## Provided records
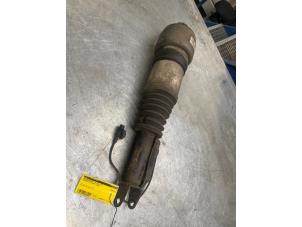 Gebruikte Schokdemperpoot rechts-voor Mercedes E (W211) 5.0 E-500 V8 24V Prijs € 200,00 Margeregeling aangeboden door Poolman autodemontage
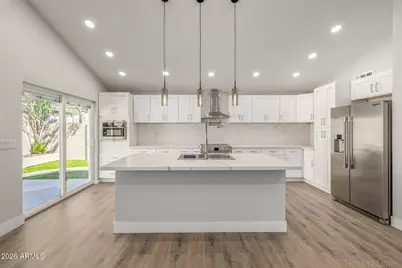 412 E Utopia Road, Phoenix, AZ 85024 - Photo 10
* * *
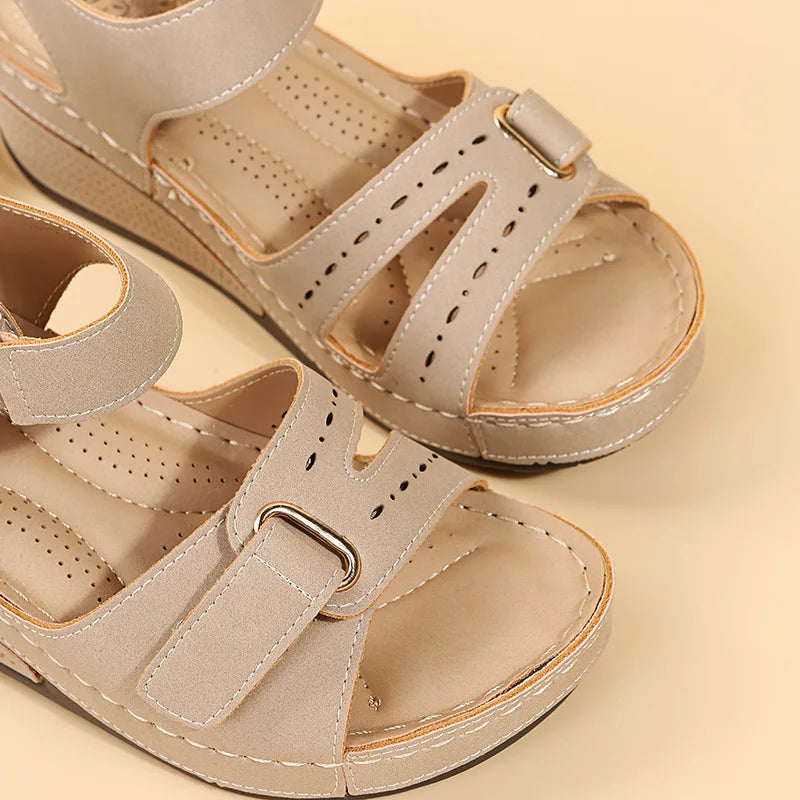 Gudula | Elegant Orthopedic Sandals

## Task
Out of the records above, set down only the lines from the one that contains "Gebruikte Schokdemperpoot rechts-voor" through the one that contains "412 E Utopia", unchanged and without the pictures.

## Answer to the problem
 Gebruikte Schokdemperpoot rechts-voor Mercedes E (W211) 5.0 E-500 V8 24V Prijs € 200,00 Margeregeling aangeboden door Poolman autodemontage
 412 E Utopia Road, Phoenix, AZ 85024 - Photo 10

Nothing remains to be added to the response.